The /Volumes folder contains two folders: "Macintosh HD" and "Time Machine Backups"

This is odd. You should see the Macintosh HD alias there like KALLT said, but not the Time Machine Backups if you have no drives attached. Even with drives attached it should not show 784GB in that Volumes folder. I attached two drives with 100s of GB on each and Volumes with that command always shows 1GB for me.

This is not the Time Machine local backups mentioned earlier. That would be in a hidden /.MobileBackups folder and the Terminal command would list it, so you must still have that disabled.

What do you see inside that Time Machine Backups? Can you think of anything you did that may have caused this?
 

msvadi

macrumors 6502
Original poster
Aug 12, 2010
365
69
Did ‘Time Machine Backups’ consume that those 784 GB? ‘Macintosh HD’ should be empty, because it is a link to the root path.

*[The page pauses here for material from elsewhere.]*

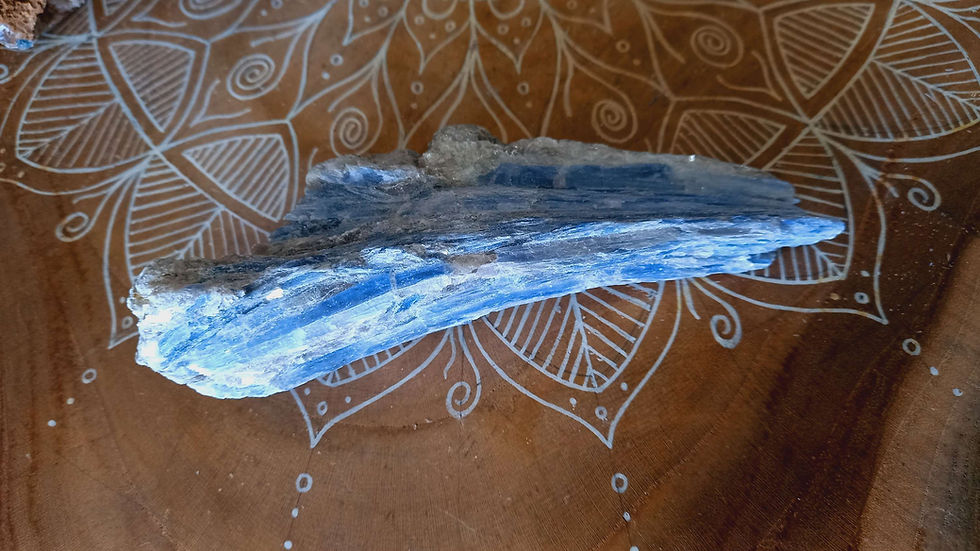 Miniatura: Espada do Arcanjo Miguel (Cianita Azul)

You can confirm it with this (it should say ‘Macintosh HD → /’):
Code:
ls -l

If Time Machine Backups is so big, then something is wrong. It should not be there once the drive is not attached.

It looks as though your computer shuts itself down intentionally. This may indicate a hardware problem. I reckon you aren’t using any remote access or account server (looking at Cisco AnyConnect)?

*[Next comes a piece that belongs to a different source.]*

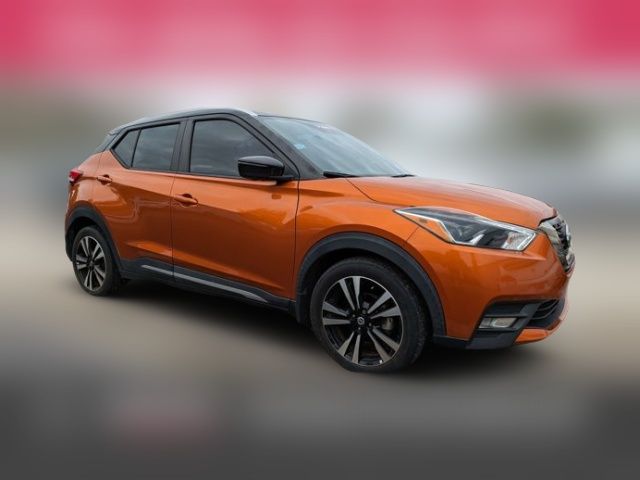 2020 Nissan Kicks SR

Here's the result of ls -l:

total 8

lrwxr-xr-x 1 root wheel 1 5 Feb 22:22 Macintosh HD -> /

d--x--x--x+ 3 root wheel 102 4 Feb 03:18 Time Machine Backups


I actually have Cisco AnyConnect Client (Version 3.1.10010) installed and use it frequently. Do you think that what causes reboots?
[doublepost=1486406314][/doublepost]
What do you see inside that Time Machine Backups? Can you think of anything you did that may have caused this?

There is the Backups.backupdb folder inside Time Machine Backups, and inside it what looks like a backup of my entire Mac, which would explain why the amount of used space is double of what it should be.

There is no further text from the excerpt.